WORK REQUIRED: In the material below, find the span from the line with "Poză Pizza Canadese" to the line with "Building Photo - 6313 Andrew Henry Ct" and transcribe only those lines, exactly, ends included, without the pictures.

AVAILABLE RECORDS:
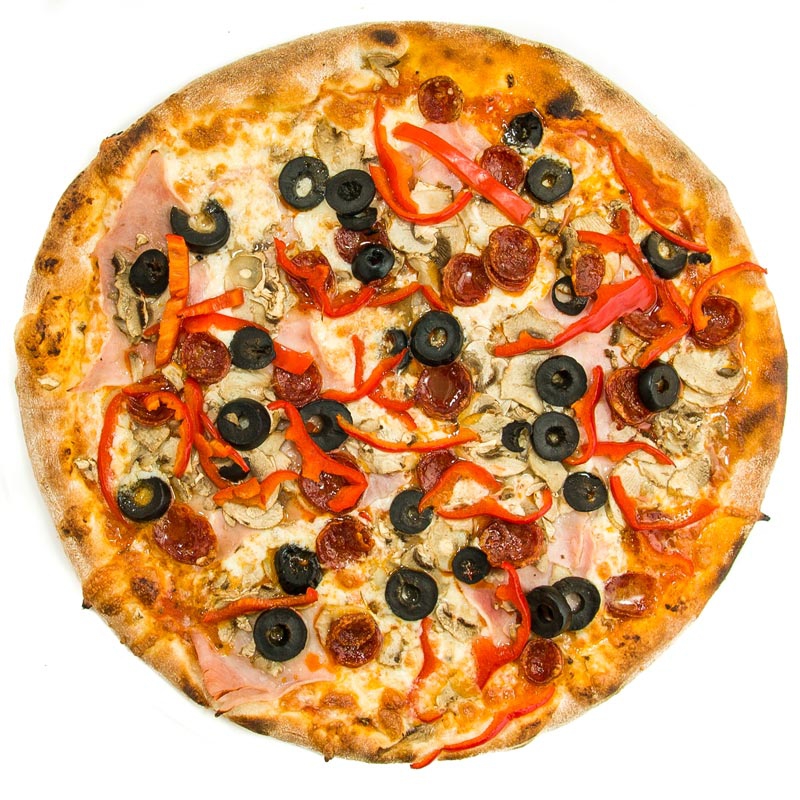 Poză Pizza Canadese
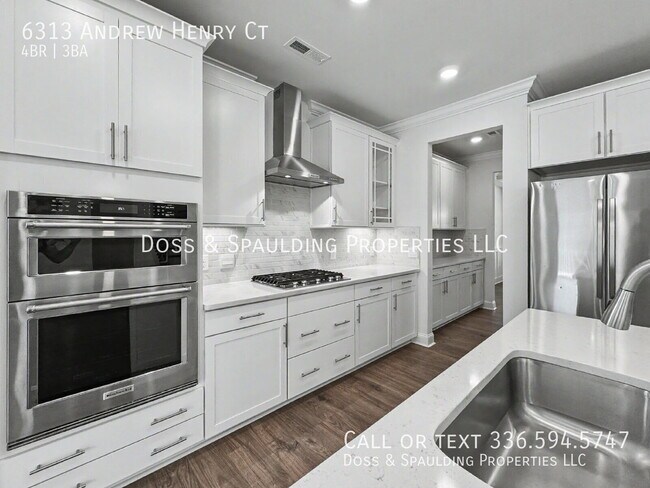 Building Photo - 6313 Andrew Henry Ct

==

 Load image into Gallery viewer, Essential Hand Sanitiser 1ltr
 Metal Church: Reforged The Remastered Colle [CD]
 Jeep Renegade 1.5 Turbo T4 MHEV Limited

ANSWER TO THIS TASK:
 Poză Pizza Canadese
 Building Photo - 6313 Andrew Henry Ct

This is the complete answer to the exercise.